I'm using this PHP function for SEO urls. It's working fine with Latin words, but my urls are on Cyrillic. This regex - /[^a-z0-9_\s-]/
is not working with Cyrillic chars, please help me to make it works with non-Latin chars.
function seoUrl($string) {
// Lower case everything
$string = strtolower($string);
// Make alphanumeric (removes all other characters)
$string = preg_replace('/[^a-z0-9_\s-]/', '', $string);
// Clean up multiple dashes or whitespaces
$string = preg_replace('/[\s-]+/', ' ', $string);
// Convert whitespaces and underscore to dash
$string = preg_replace('/[\s_]/', '-', $string);
return $string;
}
You need to use a Unicode script for Cyrillic alphabet that fortunately PHP PCRE supports it using \p{Cyrillic}
. Besides you have to set u
(unicode) flag to predict engine behavior. You may also need i
flag for enabling case-insensitivity like A-Z
:
~[^\p{Cyrillic}a-z0-9_\s-]~ui
You don't need to double escape \s
.
PHP code:
preg_replace('~[^\p{Cyrillic}a-z0-9_\s-]+~ui', '', $string);
To learn more about Unicode Regular Expressions see this article.
\p{L}
or \p{Letter}
matches any kind of letter from any language.

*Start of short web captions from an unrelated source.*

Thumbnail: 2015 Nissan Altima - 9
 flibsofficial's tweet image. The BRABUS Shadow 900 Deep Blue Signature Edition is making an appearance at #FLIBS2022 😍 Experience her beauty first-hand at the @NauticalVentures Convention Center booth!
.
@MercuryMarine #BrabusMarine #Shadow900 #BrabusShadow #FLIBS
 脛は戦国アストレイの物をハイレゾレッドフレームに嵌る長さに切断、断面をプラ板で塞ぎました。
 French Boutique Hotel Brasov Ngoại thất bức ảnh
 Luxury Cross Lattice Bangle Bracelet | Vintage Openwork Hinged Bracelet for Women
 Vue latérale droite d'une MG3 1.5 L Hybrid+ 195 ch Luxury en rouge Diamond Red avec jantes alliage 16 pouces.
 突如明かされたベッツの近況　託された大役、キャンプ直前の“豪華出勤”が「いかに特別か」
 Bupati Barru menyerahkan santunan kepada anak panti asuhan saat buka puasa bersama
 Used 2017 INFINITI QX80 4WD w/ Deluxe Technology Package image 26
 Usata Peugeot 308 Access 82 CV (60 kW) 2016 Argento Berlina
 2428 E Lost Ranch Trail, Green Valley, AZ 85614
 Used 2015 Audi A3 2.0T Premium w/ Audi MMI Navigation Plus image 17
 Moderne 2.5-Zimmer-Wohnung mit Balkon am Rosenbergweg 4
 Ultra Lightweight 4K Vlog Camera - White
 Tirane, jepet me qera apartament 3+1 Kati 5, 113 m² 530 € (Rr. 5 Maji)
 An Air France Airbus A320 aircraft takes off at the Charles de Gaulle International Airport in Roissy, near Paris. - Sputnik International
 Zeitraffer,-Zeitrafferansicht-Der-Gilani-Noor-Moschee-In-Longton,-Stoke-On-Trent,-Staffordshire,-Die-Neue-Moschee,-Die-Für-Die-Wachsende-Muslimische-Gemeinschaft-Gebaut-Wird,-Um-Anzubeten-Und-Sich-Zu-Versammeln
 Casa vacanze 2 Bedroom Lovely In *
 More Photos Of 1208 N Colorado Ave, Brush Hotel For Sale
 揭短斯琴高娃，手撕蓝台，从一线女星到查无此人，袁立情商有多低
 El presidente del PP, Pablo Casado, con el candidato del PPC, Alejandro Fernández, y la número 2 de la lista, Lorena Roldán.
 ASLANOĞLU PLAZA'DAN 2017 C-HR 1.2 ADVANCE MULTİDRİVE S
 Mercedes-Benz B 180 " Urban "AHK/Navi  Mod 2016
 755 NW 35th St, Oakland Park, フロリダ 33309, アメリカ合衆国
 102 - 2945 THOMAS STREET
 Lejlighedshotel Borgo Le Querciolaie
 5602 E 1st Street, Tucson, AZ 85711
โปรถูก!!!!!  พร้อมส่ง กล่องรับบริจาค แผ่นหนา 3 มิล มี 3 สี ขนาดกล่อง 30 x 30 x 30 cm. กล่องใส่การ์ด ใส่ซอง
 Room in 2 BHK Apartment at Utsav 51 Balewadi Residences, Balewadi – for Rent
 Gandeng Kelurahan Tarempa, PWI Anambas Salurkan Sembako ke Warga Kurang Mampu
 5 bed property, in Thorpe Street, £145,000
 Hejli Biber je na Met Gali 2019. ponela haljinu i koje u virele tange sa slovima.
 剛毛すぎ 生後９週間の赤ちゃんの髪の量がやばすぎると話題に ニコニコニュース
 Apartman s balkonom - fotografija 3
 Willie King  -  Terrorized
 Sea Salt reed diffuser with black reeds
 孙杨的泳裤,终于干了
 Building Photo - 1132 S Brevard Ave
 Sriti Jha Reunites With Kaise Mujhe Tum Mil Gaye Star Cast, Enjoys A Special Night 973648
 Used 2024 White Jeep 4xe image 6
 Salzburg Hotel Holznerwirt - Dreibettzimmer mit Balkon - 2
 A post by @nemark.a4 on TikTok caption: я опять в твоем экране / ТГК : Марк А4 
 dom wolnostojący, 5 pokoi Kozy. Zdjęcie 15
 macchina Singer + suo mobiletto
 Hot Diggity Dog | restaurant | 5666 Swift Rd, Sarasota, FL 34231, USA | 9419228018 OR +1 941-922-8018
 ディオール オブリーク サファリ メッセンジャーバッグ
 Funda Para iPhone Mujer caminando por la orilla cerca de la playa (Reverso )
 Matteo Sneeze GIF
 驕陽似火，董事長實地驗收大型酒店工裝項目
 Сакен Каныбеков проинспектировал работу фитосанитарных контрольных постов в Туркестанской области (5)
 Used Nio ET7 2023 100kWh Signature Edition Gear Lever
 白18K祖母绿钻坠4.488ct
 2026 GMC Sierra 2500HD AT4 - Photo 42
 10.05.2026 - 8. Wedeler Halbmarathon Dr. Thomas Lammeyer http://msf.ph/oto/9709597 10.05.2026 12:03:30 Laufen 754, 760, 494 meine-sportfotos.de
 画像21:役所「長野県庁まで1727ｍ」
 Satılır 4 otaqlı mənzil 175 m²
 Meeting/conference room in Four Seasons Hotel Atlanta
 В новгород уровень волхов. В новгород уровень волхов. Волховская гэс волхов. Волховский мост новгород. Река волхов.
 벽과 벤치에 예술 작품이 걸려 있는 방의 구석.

To match only Cyrillic characters, use \p{Cyrillic}
Since Cyrillic characters are not standard ASCII characters, you have to use u
flag/modifier, so regex will recognize Unicode characters as needed.
Be sure to use mb_strtolower
instead of strtolower
, as you work with unicode characters.
Because you convert all characters to lowercase, you don't have to use i
regex flag/modifier.
The following PHP code should work for you:
function seoUrl($string) {
// Lower case everything
$string = mb_strtolower($string);
// Make alphanumeric (removes all other characters)
$string = preg_replace('/[^\p{Cyrillic}a-z0-9\s_-]+/u', '', $string);
// Clean up multiple dashes or whitespaces
$string = preg_replace('/[\s-]+/', ' ', $string);
// Convert whitespaces and underscore to dash
$string = preg_replace('/[\s_]/', '-', $string);
return $string;
}
Furthermore, please note that \p{InCyrillic_Supplementary}
matches all Cyrillic Supplementary characters and \p{InCyrillic}
matches all non-Supplementary Cyrillic characters.